I asked Subhi to share what he considered to be the most critical success factors and challenges in starting a new business in the UAE, and what advice he has to offer for anyone considering the leap. Subhi offer this advice: “Once you stop relying on a day job, that’s when the real entrepreneur comes out. As long as you have that safety net of a full time job and the salary that comes with it, you will never give it 100%. Once you have committed to your business idea, then persistence I believe is the key ingredient for success. You have to keep following up, keep chasing people, and never lose focus. You are going to get turned down and fail many times, but without persistence you will never make it!” He then adds, “Building your initial client base is also crucial for any startups. Having your first clients as a reference is important in building your business and establishing a reputation in the market. Make sure you give your first clients all you’ve got! If you are persistent and show the client how much you care and how much you are willing to give, they will see it!” In terms of challenges, Subhi says: “Sales has been our biggest challenge, especially in the business to business (B2B) space. Businesses have never heard of us. They are not used to doing business with startups, even though we are offering innovative solutions to their business needs. That’s been a real killer for us! We have to put in the extra work to convince our clients, and this means running a pilot project to prove the value to the business, and this could take months sometimes!” “But on the flip side”, Subhi adds enthusiastically, “once we prove ourselves through a pilot, we are in business for the long term.”
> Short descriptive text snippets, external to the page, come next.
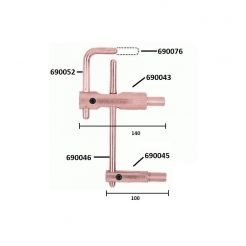 Electrod profilat pentru sudura in puncte Telwin 690076, diametru 12 mm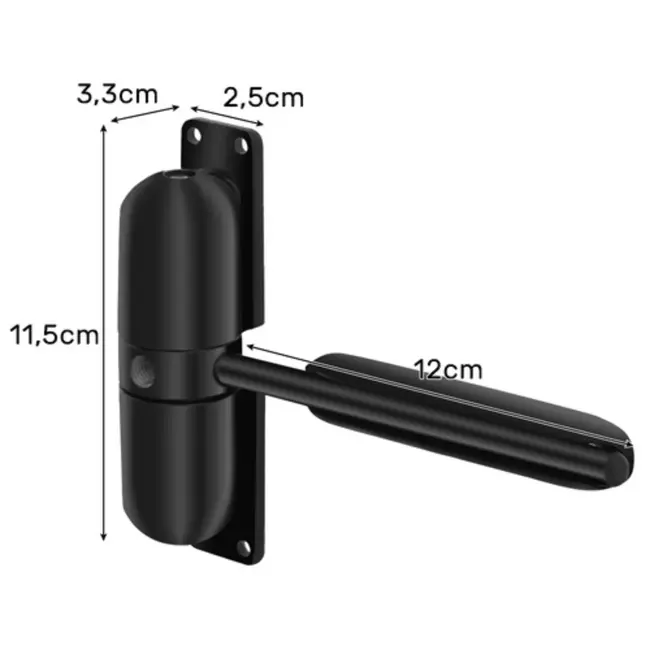 Malatec Deurdranger – Stil & Instelbaar – Geschikt voor Deuren tot 60 kg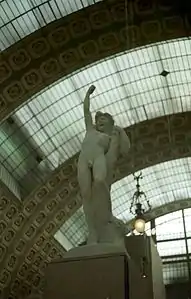 Jeune Gaulois ou Au gui l'an neuf ! (1875), marbre, Paris, musée d'Orsay.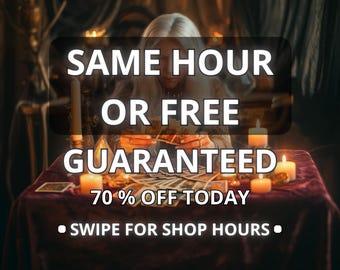 Same Hour Tarot Reading Guaranteed, Tarot Reading Blind Psychic Reading, Same Day Tarot Reading Psychic Tarot Reading Psychic Medium Reading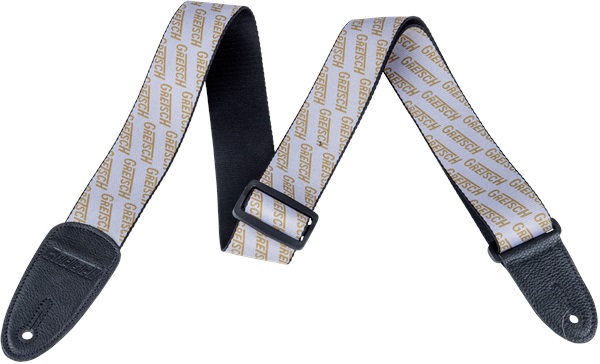 Gretsch Logo Strap White/Gold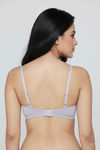 Zivame Padded Non Wired Medium Coverage Tshirt Bra - Thistel — thumbnail 5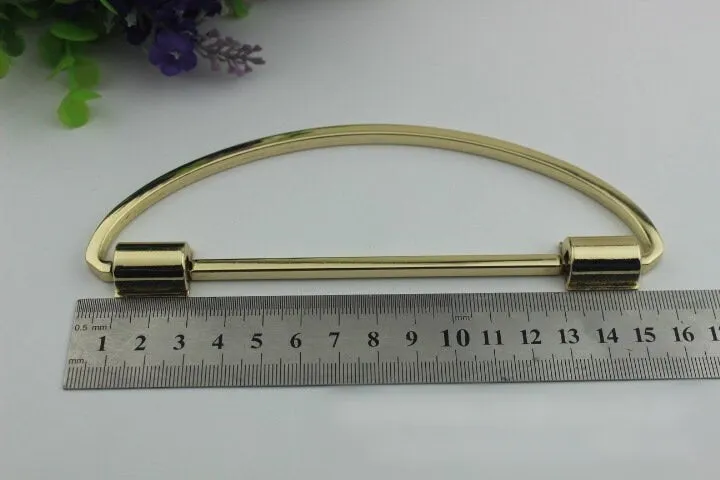Arc Strap Handles Connector 6 3/8" 160mm Lock Buckle Gold Hardware Leather Purse Bag Handbag Clutch Backpack Diy Supplies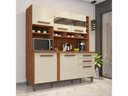 Ver imagem 1 de Armário de Cozinha 6 Portas 2 Gavetas Alexia Imop - Cinamomo/off White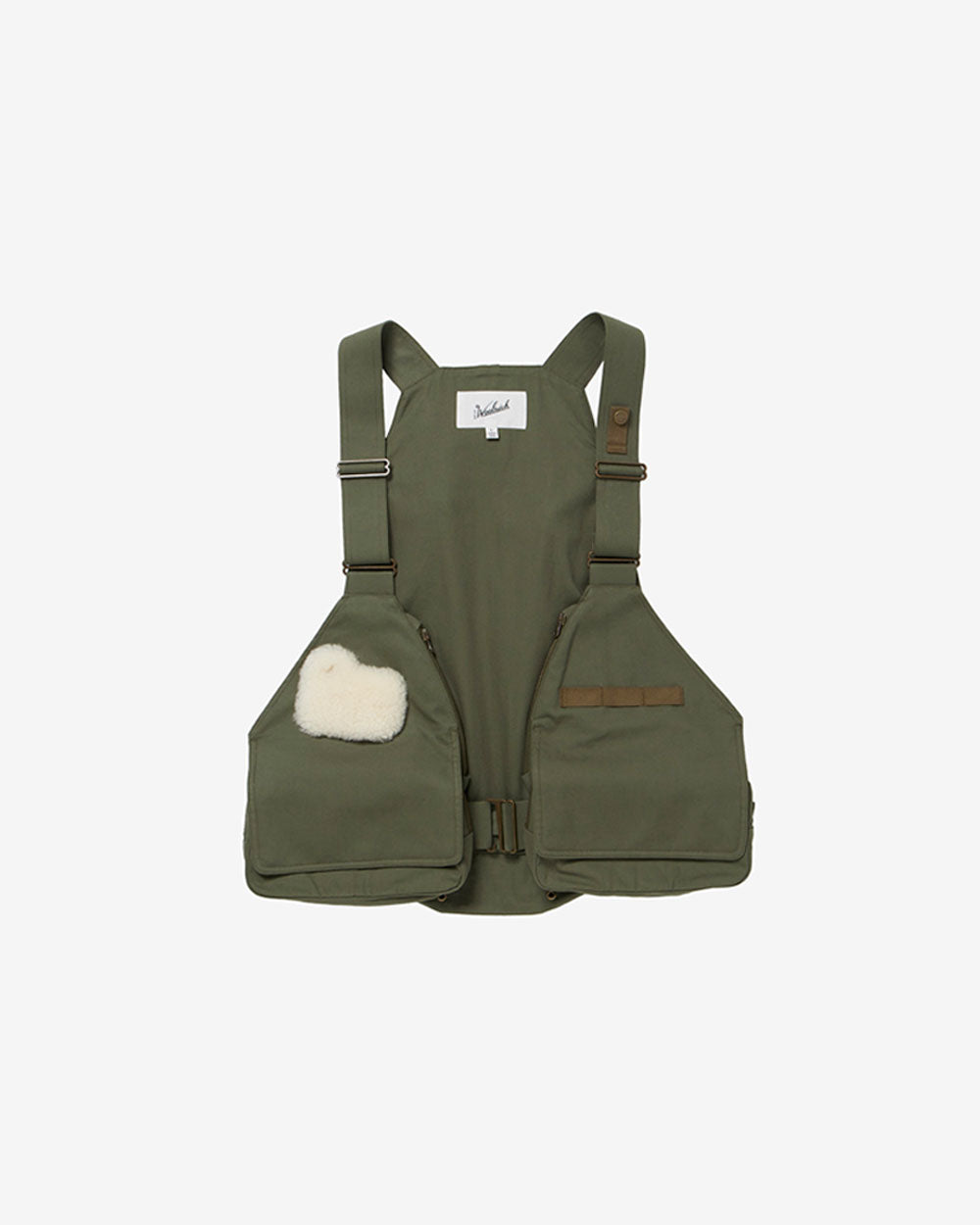 Cordura Fishing Gear Vest - Olive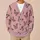 Monochrome Butterfly Motifs for Romantic Everyday Layering and Soft Feminine Style All-over Print Knitted Cardigan - 6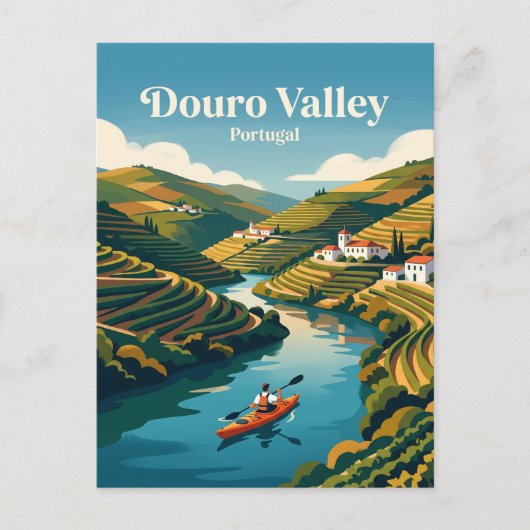 Carte Postale Vallée du Douro Portugal (Devant)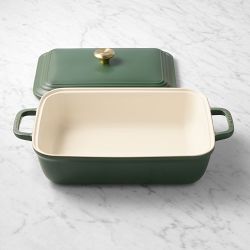 Le Creuset San Francisco Stoneware Rectangular Covered Baker, 4-Qt.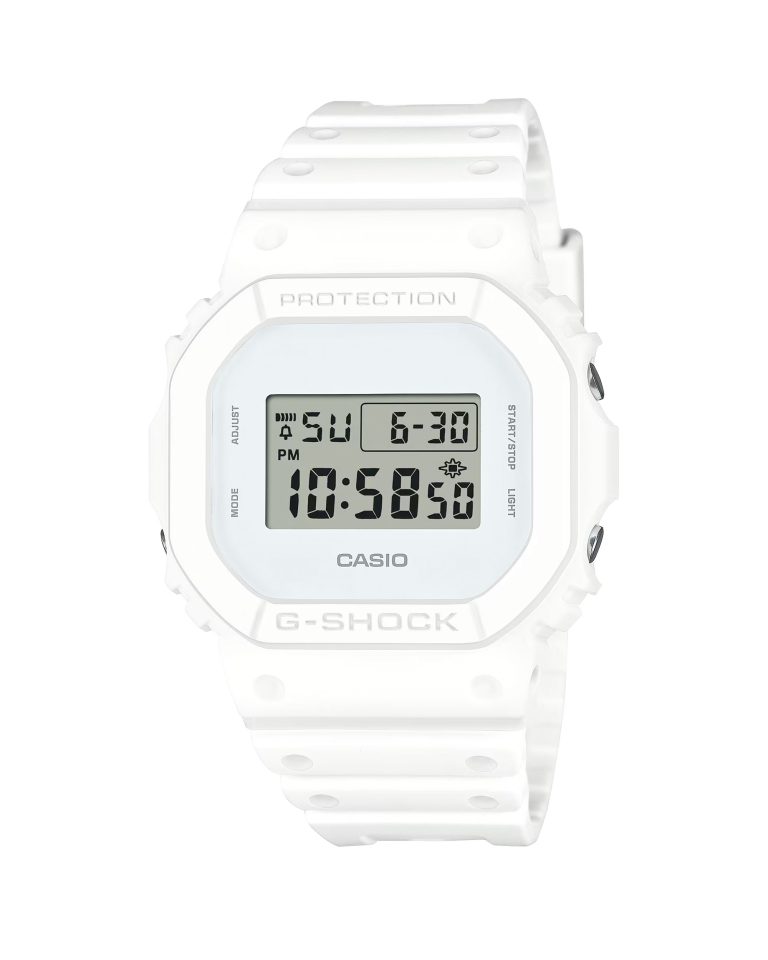 ساعت مچی مردانه جیشاک سفید CASIO G-SHOCK DW-5600WW-7
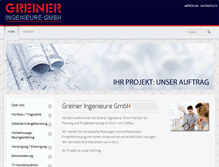 Tablet Screenshot of greiner-ing.de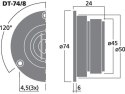 Miniaturowy, kopułkowy głośnik wysokotonowy HiFi, 30WMAX, 15WRMS, 8Ω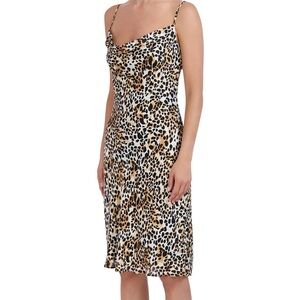 BCBG Animal Print Midi Dress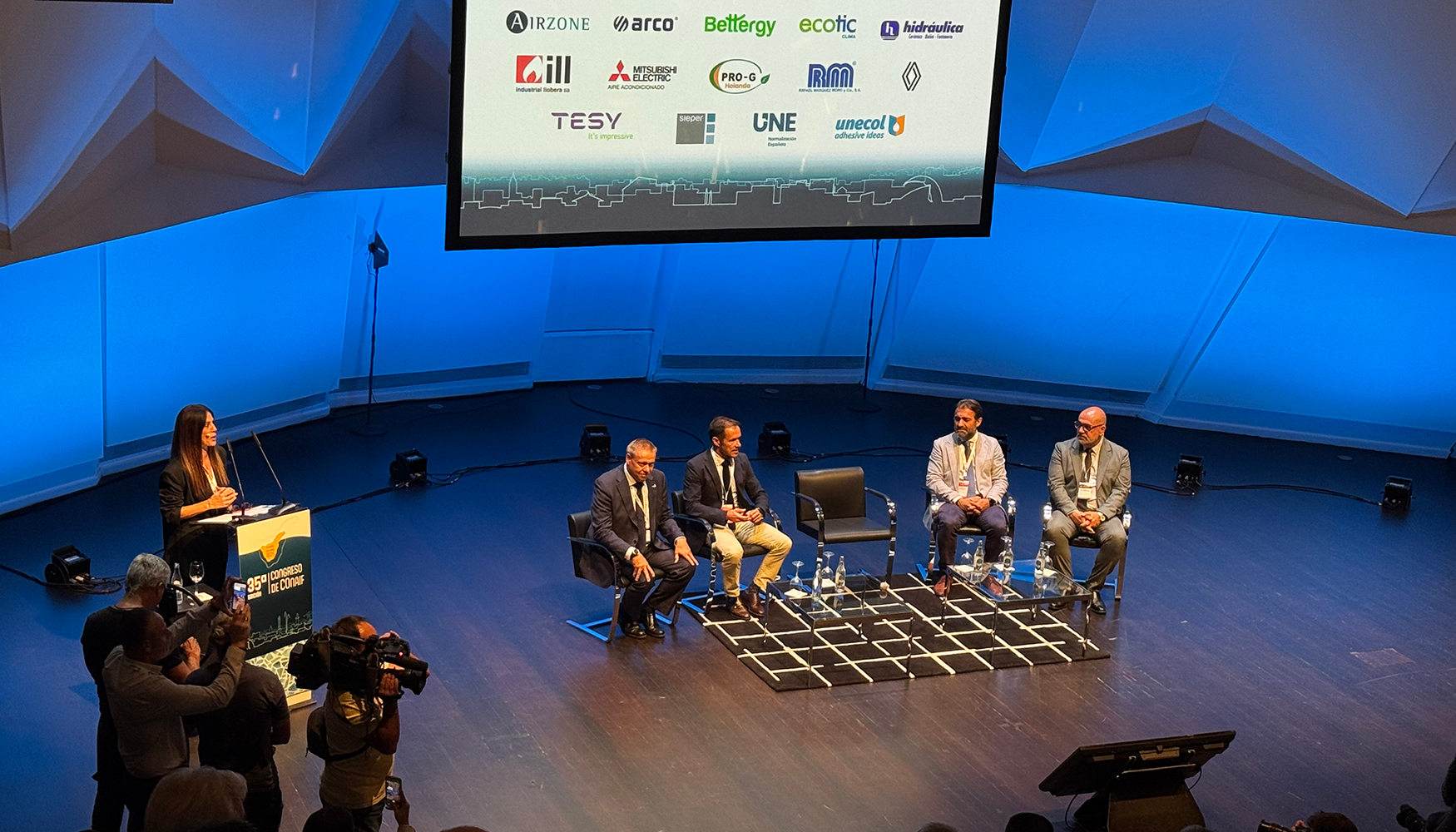La inauguracin del 35 Congreso Conaif cont con la participacin del presidente de la Confederacin, Francisco Alonso; Mariano Hernndez...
To conclude our chat, I asked Subi what his thoughts were regarding the UAE’s entrepreneurship ecosystem and if the UAE was a good place to start a new business. Here’s what he had to say: “It is still a young and growing start up ecosystem. There is still some resistance from big corporate brands in dealing with startups, but mindsets are progressively changing and they are becoming more open to the concept and starting to appreciate the value that startups have to offer. The UAE is such a multinational and truly global business hub. This means that as entrepreneurs, we can test our products and services with so many different customer demographics, people from all over the world. We have access to so many different ideas and perspectives. In addition, some of the world’s largest companies have offices right here in our neighborhood, giving us direct access. Government support for entrepreneurs and innovations is also picking up fast and this really gives local entrepreneurs a boost. I believe that the more people we have taking a shot at startups, the more successful the ecosystem will eventually become.”
Just a suggestion, but perhaps here as a sign off you could include some info about Kanari or even Subhi himself, website details etc. It helps the article look like it doesn’t end abruptly and provides further info if readers desire to learn more.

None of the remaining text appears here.